> _THE PROBLEM_:
Repeat the lines of the data exactly, from the first one through the one that contains "Łóżko metalowe białe młodzieżowe 90x200".

> _INPUT MATERIAL_:
______
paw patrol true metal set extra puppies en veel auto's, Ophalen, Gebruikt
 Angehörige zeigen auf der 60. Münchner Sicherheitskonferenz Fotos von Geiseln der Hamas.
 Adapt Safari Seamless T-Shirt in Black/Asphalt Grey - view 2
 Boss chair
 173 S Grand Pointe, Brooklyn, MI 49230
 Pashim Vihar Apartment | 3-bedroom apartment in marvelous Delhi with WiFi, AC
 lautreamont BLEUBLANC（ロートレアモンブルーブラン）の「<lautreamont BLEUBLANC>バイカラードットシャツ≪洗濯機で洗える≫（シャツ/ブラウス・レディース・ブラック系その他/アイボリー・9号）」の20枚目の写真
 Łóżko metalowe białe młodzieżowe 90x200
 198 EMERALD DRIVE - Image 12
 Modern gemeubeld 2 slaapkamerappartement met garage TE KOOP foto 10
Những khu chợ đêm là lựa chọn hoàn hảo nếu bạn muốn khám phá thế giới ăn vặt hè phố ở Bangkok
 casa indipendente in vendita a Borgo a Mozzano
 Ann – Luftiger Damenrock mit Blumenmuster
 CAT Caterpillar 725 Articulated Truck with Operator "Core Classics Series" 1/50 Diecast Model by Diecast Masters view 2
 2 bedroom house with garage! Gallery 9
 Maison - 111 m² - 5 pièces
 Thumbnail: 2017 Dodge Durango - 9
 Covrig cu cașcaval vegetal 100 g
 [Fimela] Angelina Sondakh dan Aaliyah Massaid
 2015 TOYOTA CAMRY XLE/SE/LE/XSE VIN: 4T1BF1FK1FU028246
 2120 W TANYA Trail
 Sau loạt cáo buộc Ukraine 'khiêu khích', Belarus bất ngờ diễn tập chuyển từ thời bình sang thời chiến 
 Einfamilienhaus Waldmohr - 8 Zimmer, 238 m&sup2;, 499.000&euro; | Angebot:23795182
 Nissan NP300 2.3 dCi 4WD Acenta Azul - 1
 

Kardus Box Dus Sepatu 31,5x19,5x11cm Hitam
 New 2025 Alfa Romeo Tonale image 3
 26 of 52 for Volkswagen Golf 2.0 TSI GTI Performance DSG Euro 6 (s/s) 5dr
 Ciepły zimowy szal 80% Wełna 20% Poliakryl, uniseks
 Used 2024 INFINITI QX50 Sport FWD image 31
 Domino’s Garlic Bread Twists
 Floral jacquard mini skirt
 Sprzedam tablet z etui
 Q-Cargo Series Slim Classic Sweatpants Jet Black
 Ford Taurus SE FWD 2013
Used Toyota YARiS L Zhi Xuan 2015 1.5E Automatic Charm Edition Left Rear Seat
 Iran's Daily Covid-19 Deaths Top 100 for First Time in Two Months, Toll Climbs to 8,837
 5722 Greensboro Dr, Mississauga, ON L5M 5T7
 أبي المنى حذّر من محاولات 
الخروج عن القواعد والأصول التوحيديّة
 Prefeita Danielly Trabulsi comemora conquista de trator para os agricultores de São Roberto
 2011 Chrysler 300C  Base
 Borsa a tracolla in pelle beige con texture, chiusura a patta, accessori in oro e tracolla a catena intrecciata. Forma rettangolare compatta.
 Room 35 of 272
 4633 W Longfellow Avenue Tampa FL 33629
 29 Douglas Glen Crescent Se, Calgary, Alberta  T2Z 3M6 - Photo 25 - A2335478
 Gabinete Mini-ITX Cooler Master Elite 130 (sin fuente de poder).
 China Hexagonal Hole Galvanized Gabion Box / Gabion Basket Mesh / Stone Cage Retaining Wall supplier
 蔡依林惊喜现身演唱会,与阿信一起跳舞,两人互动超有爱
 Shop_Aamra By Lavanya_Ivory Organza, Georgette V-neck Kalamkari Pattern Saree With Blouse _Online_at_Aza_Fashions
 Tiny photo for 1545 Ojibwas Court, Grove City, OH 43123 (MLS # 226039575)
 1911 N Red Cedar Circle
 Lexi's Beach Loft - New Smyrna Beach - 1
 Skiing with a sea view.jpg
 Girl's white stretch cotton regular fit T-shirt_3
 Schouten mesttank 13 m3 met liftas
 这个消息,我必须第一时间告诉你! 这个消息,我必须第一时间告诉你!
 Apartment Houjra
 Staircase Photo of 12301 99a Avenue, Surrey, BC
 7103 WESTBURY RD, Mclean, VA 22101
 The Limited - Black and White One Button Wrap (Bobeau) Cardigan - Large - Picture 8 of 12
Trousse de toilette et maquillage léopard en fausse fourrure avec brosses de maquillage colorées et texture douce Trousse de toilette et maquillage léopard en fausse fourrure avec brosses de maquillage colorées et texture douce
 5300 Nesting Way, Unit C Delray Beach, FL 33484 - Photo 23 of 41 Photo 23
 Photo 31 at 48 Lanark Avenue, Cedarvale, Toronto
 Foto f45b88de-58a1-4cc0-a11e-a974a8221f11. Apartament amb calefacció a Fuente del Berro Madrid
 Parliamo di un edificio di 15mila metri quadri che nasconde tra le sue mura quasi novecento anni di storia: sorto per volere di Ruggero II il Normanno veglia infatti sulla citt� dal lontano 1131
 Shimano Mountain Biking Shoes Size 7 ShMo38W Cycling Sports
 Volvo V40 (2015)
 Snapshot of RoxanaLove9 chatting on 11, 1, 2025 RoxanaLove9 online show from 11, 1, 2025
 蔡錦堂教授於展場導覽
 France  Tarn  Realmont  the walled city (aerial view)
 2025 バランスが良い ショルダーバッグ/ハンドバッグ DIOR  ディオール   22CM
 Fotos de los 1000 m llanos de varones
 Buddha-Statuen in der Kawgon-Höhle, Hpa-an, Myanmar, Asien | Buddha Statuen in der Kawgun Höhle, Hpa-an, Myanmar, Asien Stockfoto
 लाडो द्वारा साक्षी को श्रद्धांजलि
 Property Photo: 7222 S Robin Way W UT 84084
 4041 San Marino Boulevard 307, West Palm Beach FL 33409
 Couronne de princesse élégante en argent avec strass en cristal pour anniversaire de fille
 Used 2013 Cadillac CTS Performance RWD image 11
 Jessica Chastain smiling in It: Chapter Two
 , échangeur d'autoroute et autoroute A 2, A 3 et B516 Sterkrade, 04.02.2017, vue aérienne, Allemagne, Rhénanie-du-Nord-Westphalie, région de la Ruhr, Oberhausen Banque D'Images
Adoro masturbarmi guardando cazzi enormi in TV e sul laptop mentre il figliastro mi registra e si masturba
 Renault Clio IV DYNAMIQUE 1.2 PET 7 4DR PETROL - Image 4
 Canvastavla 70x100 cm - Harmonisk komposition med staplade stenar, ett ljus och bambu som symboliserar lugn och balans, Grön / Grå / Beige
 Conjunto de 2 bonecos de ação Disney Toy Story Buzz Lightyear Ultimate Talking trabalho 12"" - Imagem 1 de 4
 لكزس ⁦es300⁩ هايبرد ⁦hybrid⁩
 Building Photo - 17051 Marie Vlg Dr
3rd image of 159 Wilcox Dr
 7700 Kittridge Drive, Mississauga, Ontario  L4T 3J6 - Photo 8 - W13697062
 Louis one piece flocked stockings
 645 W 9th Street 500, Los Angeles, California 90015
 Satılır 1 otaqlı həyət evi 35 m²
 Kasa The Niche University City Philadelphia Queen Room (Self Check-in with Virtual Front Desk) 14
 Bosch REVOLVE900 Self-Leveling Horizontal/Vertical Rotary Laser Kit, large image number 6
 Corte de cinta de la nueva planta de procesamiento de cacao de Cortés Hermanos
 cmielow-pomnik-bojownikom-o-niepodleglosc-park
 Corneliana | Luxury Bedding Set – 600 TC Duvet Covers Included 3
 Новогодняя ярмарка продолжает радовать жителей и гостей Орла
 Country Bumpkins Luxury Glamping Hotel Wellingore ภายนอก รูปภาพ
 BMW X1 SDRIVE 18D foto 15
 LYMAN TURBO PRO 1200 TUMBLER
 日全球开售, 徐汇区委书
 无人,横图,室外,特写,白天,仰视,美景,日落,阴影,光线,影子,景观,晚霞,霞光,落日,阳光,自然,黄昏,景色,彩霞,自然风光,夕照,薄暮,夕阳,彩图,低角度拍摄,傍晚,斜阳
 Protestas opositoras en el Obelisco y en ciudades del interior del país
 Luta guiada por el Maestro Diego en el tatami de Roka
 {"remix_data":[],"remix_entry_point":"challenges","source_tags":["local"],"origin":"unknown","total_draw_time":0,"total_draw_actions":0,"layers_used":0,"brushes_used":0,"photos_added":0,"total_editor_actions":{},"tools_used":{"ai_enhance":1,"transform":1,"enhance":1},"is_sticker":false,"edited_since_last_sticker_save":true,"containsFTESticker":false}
______
> _RESPONSE TO THE EXERCISE_:
paw patrol true metal set extra puppies en veel auto's, Ophalen, Gebruikt
 Angehörige zeigen auf der 60. Münchner Sicherheitskonferenz Fotos von Geiseln der Hamas.
 Adapt Safari Seamless T-Shirt in Black/Asphalt Grey - view 2
 Boss chair
 173 S Grand Pointe, Brooklyn, MI 49230
 Pashim Vihar Apartment | 3-bedroom apartment in marvelous Delhi with WiFi, AC
 lautreamont BLEUBLANC（ロートレアモンブルーブラン）の「<lautreamont BLEUBLANC>バイカラードットシャツ≪洗濯機で洗える≫（シャツ/ブラウス・レディース・ブラック系その他/アイボリー・9号）」の20枚目の写真
 Łóżko metalowe białe młodzieżowe 90x200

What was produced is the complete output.